Три месяца в Ольхах проходили быстро, среди сплошных удовольствий. Все мне было занимательно: конюшня, где стояли «выездные» лошади, которых я всех знал по именам; табун рабочих лошадей, пасшийся на выгоне, с новыми рождающимися жеребятами, веселыми и грациозными; возвращающееся вечером домой стадо коров со страшным быком, от свирепых глаз которого и грозного мычания душа уходила в пятки. Особенно увлекался я птичьим двором, где к нашему приезду вылуплялись цыплята, утята и индюшата. Старая крепостная, птичница Авдотья, встречала меня там поясным поклоном, и, хотя величала меня, как «барчука», по имени и отчеству, но относилась ко мне покровительственно, а ее племянница, моя сверстница Степуха, брала меня за руку, и мы отправлялись пасти стадо индюшек.
А сад, со стриженными по-версальски шпалерами деревьев, окопанный рвом, в котором мы с Гришей и с деревенскими ребятами мастерили среди зарослей индейские вигвамы и, украсив себя индюшачьими перьями, чувствовали себя подлинными могиканами, делаварами или гуронами (Купер был в это время моим любимым писателем)! А оранжерея с абрикосами и огромными персиками «венусами» и грунтовой сарай со «шпанскими» вишнями! А собирание грибов в лесу! — Нас, детей, одних в лес не пускали из-за волков, водившихся там во множестве, о чем свидетельствовали разбросанные по всему лесу кости животных. И жутко было углубляться в лес, и интересно.
Трудно перечислить бесконечный ряд удовольствий, которые давала мне деревня. Пожалуй, самыми большими из них были верховая езда под наблюдением швейцарца-сыровара Христиана Христиановича и катанье в маленьком шарабанчике на самой смирной лошади, которой мне разрешалось править.
Я не припомню случая, чтобы кто-нибудь из помещиков того времени гулял пешком за пределами усадьбы. Чтобы отправиться за грибами или к соседям помещикам, за 1–2 версты, нам, молодежи, запрягали тарантасик в одну лошадь, а если ехали мать или дядя, то подавалась пролетка в пару, с пристяжкой, а кучер Николай надевал кучерской армяк и шапку с павлиньими перьями.

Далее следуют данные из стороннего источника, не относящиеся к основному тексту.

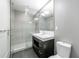 Sleek bathroom with a glass-enclosed shower and modern vanity at 1820 Peachtree Nw St # 1207, Atlanta, GA 30309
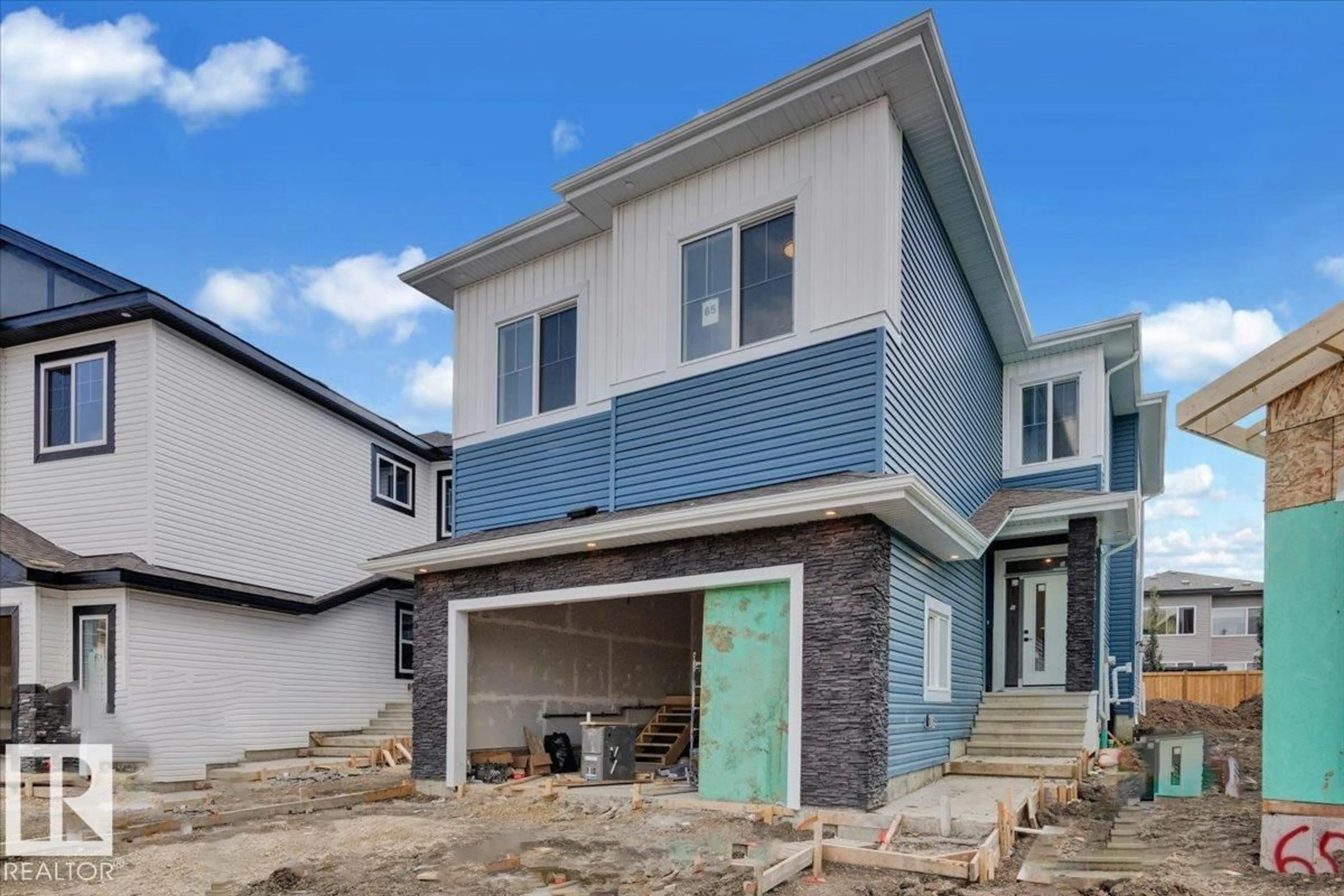 Home with vinyl exterior material, street for 65 BLACKBIRD BEND, Fort Saskatchewan Alberta T8L0G6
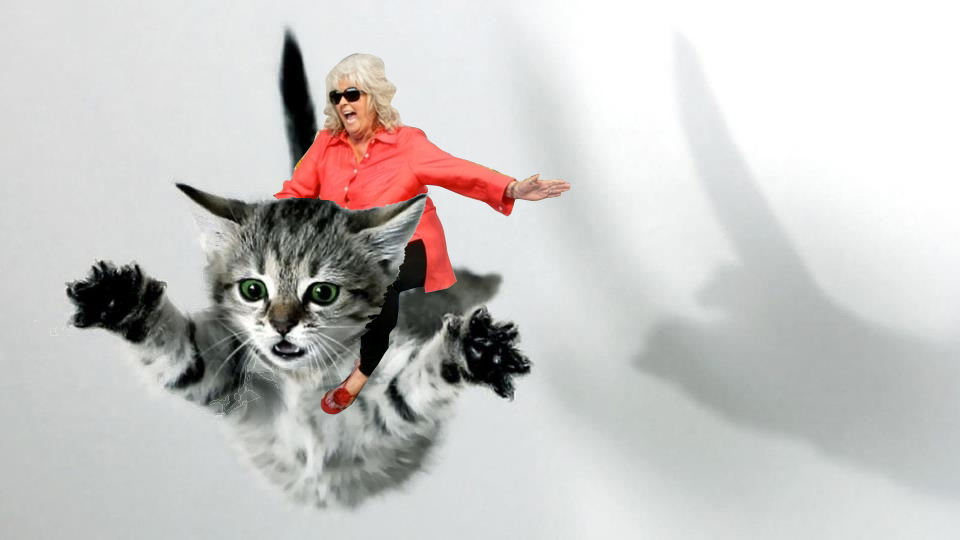 Paula deen riding a kitten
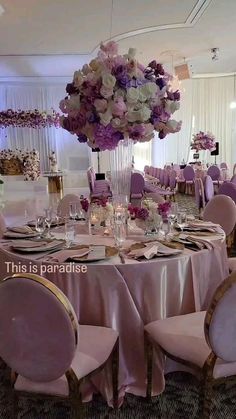 there is a table set up with purple and white flowers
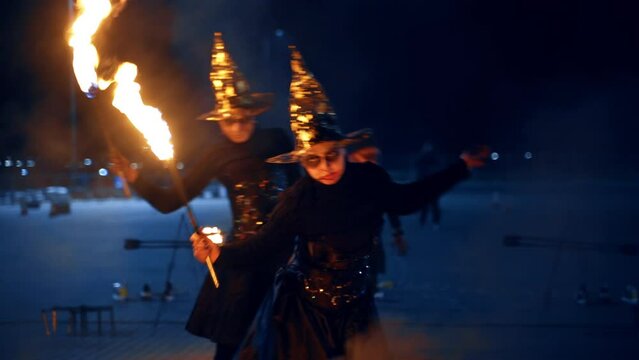 Female actors perform fire show wearing witch costumes. Artistic band shows the fire spectacle outdoors.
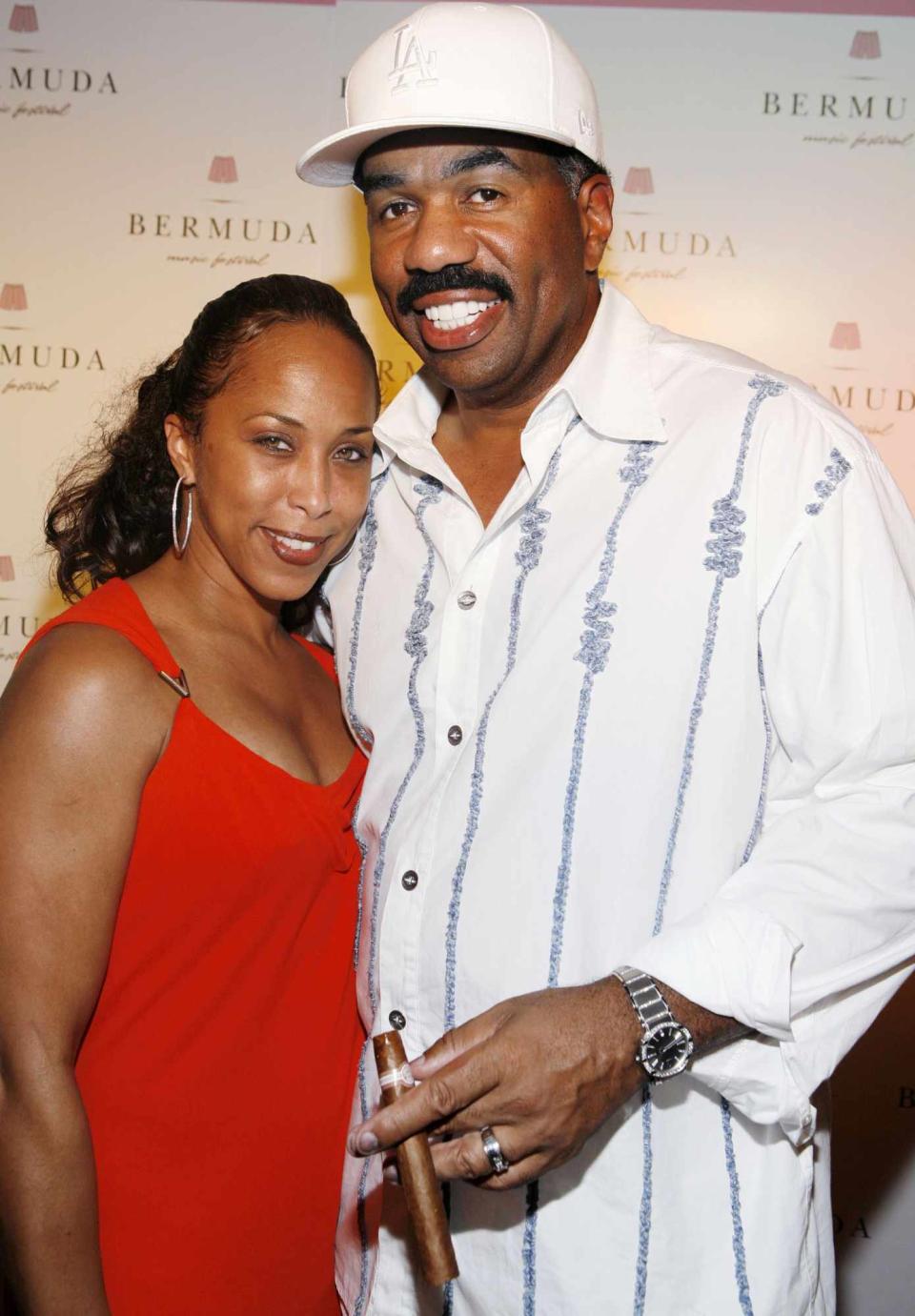Marjorie Bridges (L) and comedian Steve Harvey (R) attend the first night of the Bermuda Music Festival at Southampton Beach Club on October 3, 2007 in Southampton, Bermuda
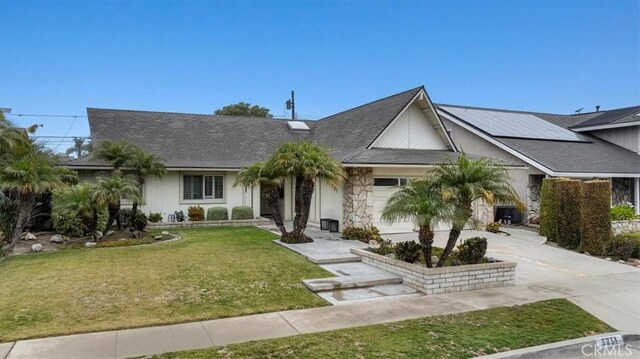 single story home featuring a front lawn and solar panels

Очень любил я ездить за спиной дяди на беговых дрожках наблюдать за сельскохозяйственными работами. Особенно весело было на сенокосе. Тогда не только мы, дети, но и взрослые, привыкшие к помещичьей праздной жизни, так не гармонировавшей с трудовой жизнью крестьян, не представляли себе подготовлявшегося грозного социального конфликта. Мне казалось, что наполнявшая меня радость деревенского житья испытывается и крестьянами, весело меня приветствовавшими и певшими хоровые песни в перерывы между косьбой. Одну из них, которую потом мне никогда не приходилось слышать, я помню до сих пор и не могу удержаться, чтобы не увековечить ее здесь, в своих воспоминаниях. Вот она:
Над серебряной рекой,
На златом песочке
Долго девы молодой
Я искал следочки.
Но следочков не нашел,
Будто не бывало…
Я увидел вдалеке —
Речка всколыхнулась,
И услышал в высоке
Колокол раздается.
Быстро сел я на коня,
Полетел стрелою,
К Божьей церкви подъезжал,
Конь остановился.
В Божью церковь я вошел —
Там народ толпою,
Вижу — милую мою
Водят вкруг налоя.
Она, неверная моя,
На меня взглянула,
Залилась горькими слезами,
Ручками всплеснула.
Я ж к иконе пресвятой
Бросился с мольбою:
Боже, счастье ей пошли
И любовь святую.
В этой трогательной по содержанию песне любопытна ее форма: ритм соблюден везде, но рифмуются строфы лишь в начале и в конце ее. Вероятно, это объясняется тем, что она изменялась при передаче из уст в уста неграмотными людьми.